Inoltre, il rischio associato al trapianto cardiaco nei pazienti con malattia renale allo stadio terminale
(ESRD) è considerato da molti (anche se non da tutti), proibitivo (Kumar V, et al. To transplant a kidney
with the heart or not. That is the real question. American Journal of Transplantation 2014). Ci
potrebbero essere però altre strade, recentemente, i cambiamenti nelle dinamiche mitocondriali sono
stati segnalati per avere un ruolo nell’apoptosi cardiaca indotta da AKI, questo suggerirebbe che la
frammentazione mitocondriale da fissione può essere un nuovo bersaglio terapeutico nella disfunzione
cardiaca indotta dall’insufficienza renale acuta (Sumida M, et al. Regulation of mitochondrial dynamics
by dynamin-related protein-1 in acute cardiorenal syndrome. J Am Soc Nephrol. 2015). Insomma, è
chiaro che quando al grado di disfunzione del singolo organo si associa la disfunzione di altri organi, il
rischio di mortalità aumenta drammaticamente.

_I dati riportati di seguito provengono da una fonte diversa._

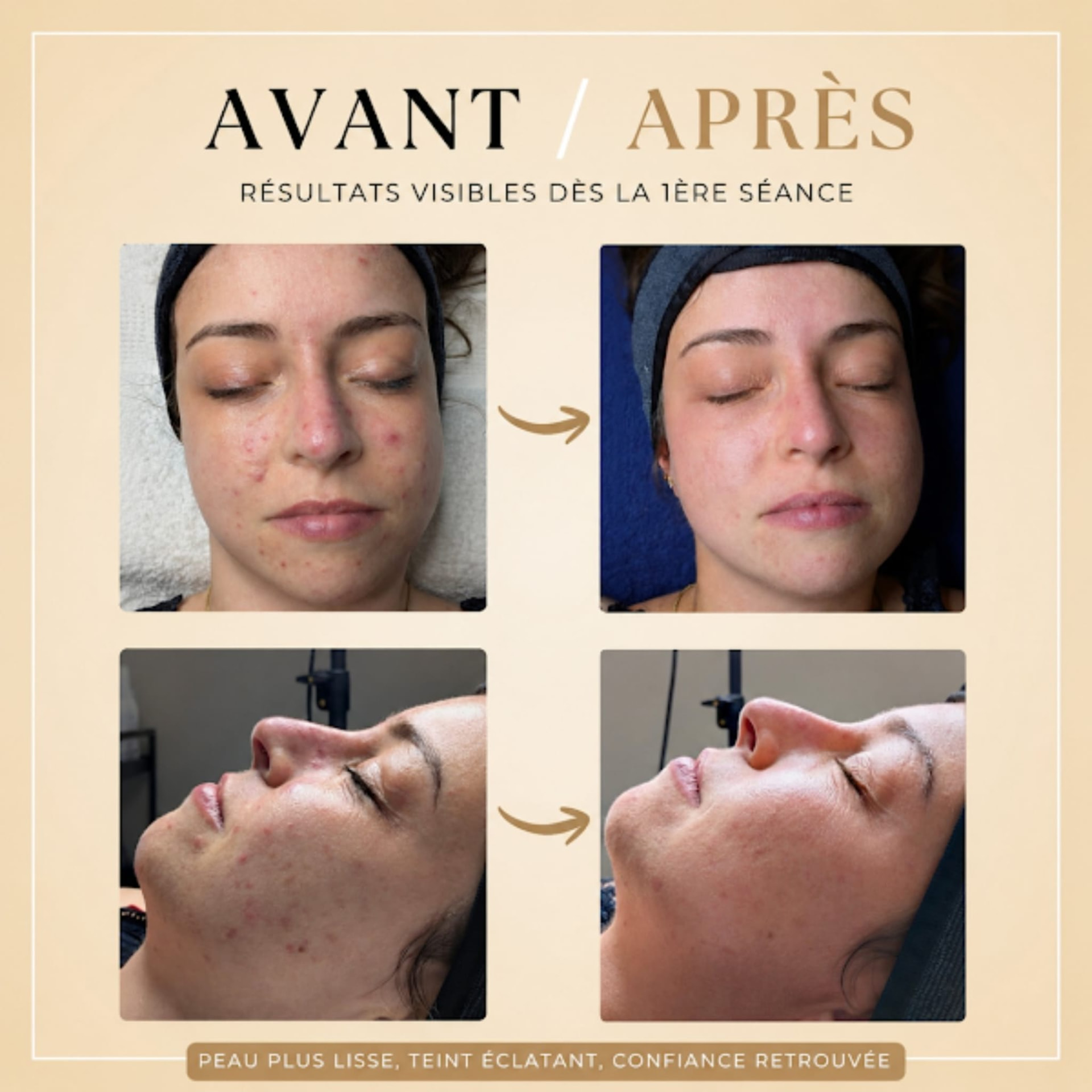 Avant / après soin du visage à l'institut Âméa : peau plus lisse et teint éclatant dès la première séance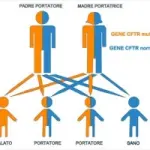 Il test del sudore per la diagnosi della fibrosi cistica. Sintomi fibrosi cistica - Malattie Genetiche Ereditarie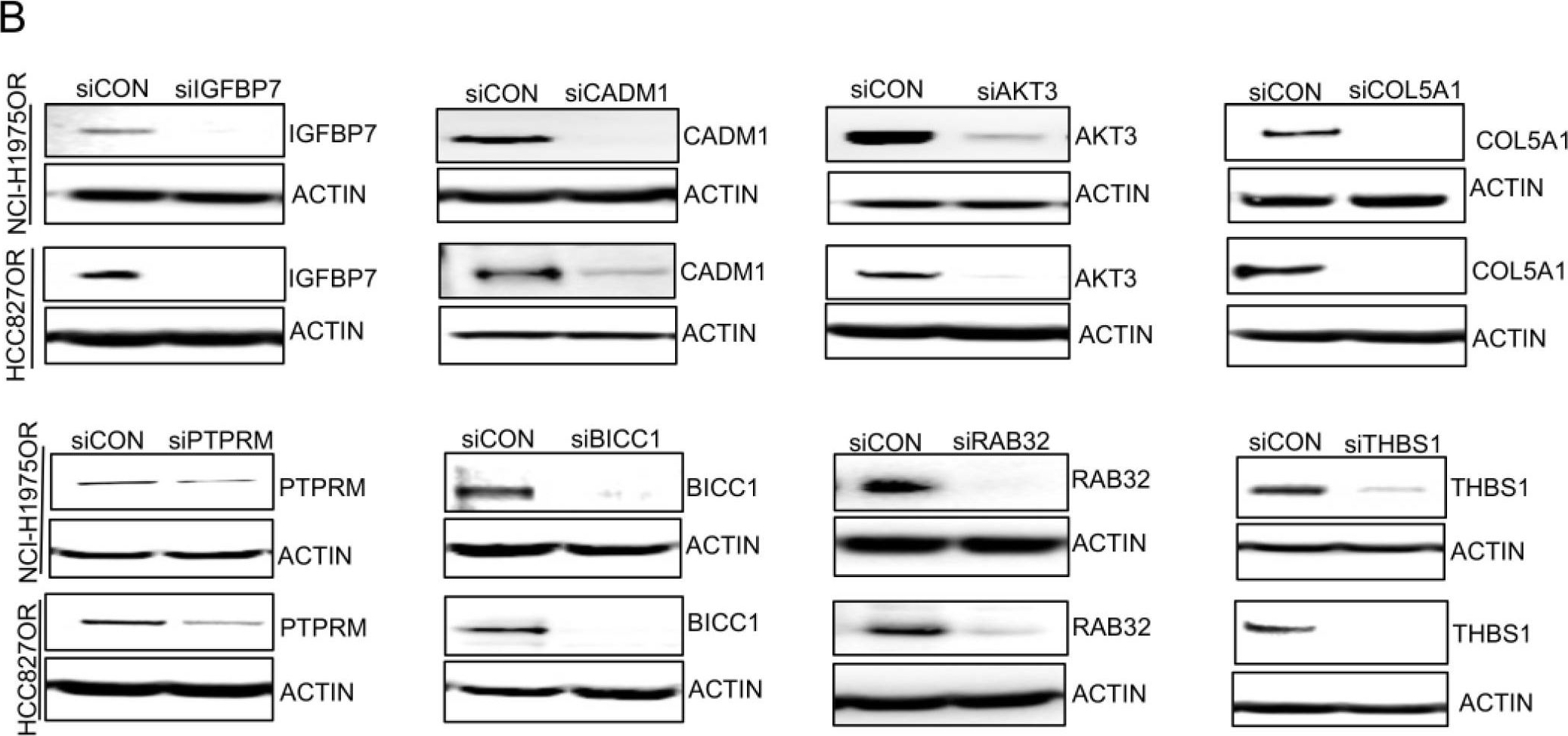 Fig.5.B showing Western Blotting in a Homo sapiens (Human) sample from the publication: Ras-Related Protein Rab-32 and Thrombospondin 1 Confer Resistance to the EGFR Tyrosine Kinase Inhibitor Osimertinib by Activating Focal Adhesion Kinase in Non-Small Cell Lung Cancer.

E, anche se in alcuni casi il trapianto multiorgano
potrebbe rappresentare una possibile soluzione, questo studio fa capire che nelle disfunzioni
multiorgano AKI-correlate, anche il trapianto multiorgano ha dei limiti tanto che il numero dei trapianti
realizzati rimane esiguo.
Quindi, considerando che la dialisi da sola non ha ridotto in modo significativo i tassi di mortalità nei casi
di AKI nel paziente critico, il miglioramento, soprattutto in terapia intensiva, richiede sia un trattamento
specifico per il rene sia una gestione specifica degli altri organi.
Questo, secondo gli autori, deve indirizzare verso nuove strategie terapeutiche per abbassare l’alta
mortalità nell’insufficienza multiorgano AKI-correlata che rimane una condizione molto difficile da
trattare nei pazienti in condizioni critiche.